**Work to be completed**.
For the listing below, return the line containing "Glitch photo effect for square flyer", the line containing "Đàn Guitar Acoustic", and all lines in between, exactly as written and nothing else.

**Dataset entries**.

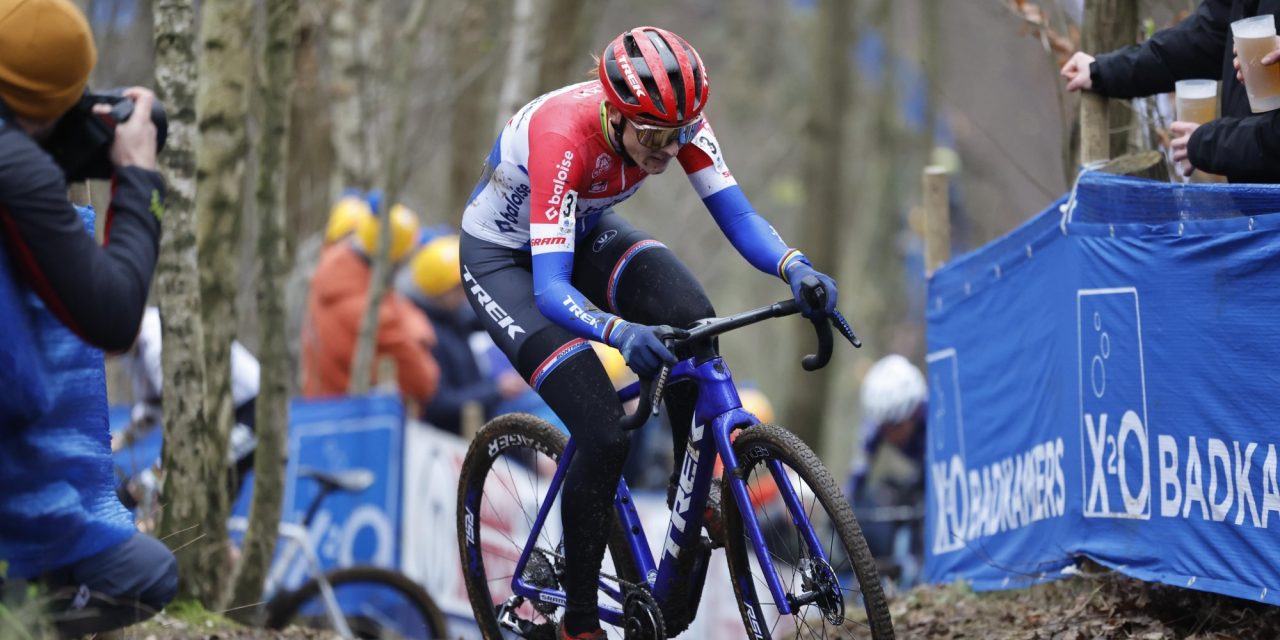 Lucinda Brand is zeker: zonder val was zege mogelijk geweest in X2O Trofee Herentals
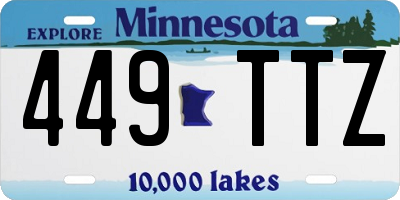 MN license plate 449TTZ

--

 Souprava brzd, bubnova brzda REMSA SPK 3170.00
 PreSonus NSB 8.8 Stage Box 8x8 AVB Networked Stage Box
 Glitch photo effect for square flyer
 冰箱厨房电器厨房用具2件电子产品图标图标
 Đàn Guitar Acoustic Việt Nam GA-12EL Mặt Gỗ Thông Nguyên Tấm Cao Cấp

**Answer box**.
 Glitch photo effect for square flyer
 冰箱厨房电器厨房用具2件电子产品图标图标
 Đàn Guitar Acoustic Việt Nam GA-12EL Mặt Gỗ Thông Nguyên Tấm Cao Cấp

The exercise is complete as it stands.